Various people, since the book came out, have complained that How Not To Be Wrong is a leftist tract, intended to smear Republicans as being bad at math. I do not in fact think Republicans are bad at math and it sort of depresses me to feel my book reads that way to those people. What’s true is that, in “More Pie Than Plate,” I tear down an old Mitt Romney ad and a Scott Walker press release. But the example I lead with is a claim almost always put forward by liberal types: that the whole of the post-recession rebound has accrued to the 1%. Not really true!
Long intro to this: I get to polish my “calling out liberal claims” cred by objecting to this, from the Milwaukee Journal-Sentinel:
UW-Madison, the fourth-largest academic research institution in the country with $1.1 billion of annual research spending, has helped spur strong job growth in surrounding Dane County. In fact, employment gains there during the last 10 years far outstrip those in any other Wisconsin county, accounting for more than half of the state’s 36,941 net new private-sector jobs.
I’m pro-UW and pro-Dane County, obviously, but people need to stop reporting percentages of net job gains. What’s more — the reason job gains here outstrip other counties is that it’s the second-biggest county in the state, with a half-million people.

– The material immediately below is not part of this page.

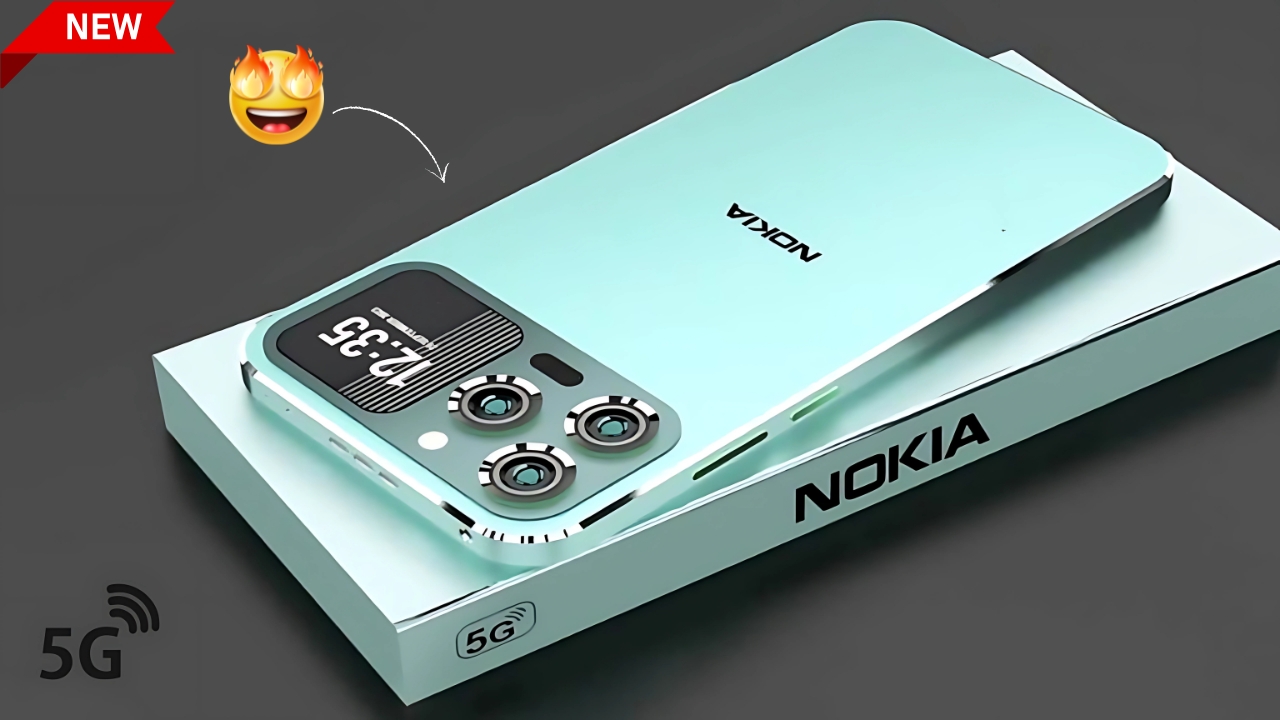 Nokia NX 5G Launch Massive 12GB RAM, 512GB Storage & 200W Fast Charging for Ultimate Performance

Credit to the Journal-Sentinel; at least they included a table, so you can see for yourself that lots of other counties experienced healthy job growth over the decade.
But just as I was ready to placate my conservative critics, Rick Perry went to Iowa and said:
“In the last 14 years, Texas has created almost one-third of all the new jobs in America.”
Dane County and Rick Perry, you both have to stop reporting percentages of net job gains.